:: WHAT THE EXERCISE ASKS ::
Among the entries that follow, find every line with the word "gray" and list it.

☆ ☆ ☆ ☆ ☆

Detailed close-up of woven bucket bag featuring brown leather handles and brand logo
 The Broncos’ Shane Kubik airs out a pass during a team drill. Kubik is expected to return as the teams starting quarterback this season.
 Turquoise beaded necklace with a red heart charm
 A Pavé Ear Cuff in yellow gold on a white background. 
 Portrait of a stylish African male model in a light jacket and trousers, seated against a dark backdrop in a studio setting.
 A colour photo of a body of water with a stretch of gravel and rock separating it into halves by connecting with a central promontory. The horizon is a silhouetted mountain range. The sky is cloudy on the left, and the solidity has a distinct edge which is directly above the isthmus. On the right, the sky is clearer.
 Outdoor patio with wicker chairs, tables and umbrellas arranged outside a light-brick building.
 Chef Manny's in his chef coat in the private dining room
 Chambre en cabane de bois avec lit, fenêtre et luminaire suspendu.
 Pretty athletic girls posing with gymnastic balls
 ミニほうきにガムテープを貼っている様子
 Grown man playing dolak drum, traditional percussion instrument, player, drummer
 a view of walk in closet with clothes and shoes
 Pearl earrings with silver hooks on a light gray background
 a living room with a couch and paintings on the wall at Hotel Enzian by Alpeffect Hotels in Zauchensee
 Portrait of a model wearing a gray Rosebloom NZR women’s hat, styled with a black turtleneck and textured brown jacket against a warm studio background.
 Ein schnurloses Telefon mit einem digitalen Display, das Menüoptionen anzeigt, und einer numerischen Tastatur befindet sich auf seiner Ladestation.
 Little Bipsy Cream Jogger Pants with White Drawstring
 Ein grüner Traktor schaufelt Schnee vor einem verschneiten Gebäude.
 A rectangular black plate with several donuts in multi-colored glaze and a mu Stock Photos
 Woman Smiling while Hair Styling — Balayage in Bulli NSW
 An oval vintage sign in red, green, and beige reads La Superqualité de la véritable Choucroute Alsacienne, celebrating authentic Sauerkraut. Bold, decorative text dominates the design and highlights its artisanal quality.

☆ ☆ ☆ ☆ ☆

:: SOLUTION TO THIS TASK ::
 Pearl earrings with silver hooks on a light gray background
 Portrait of a model wearing a gray Rosebloom NZR women’s hat, styled with a black turtleneck and textured brown jacket against a warm studio background.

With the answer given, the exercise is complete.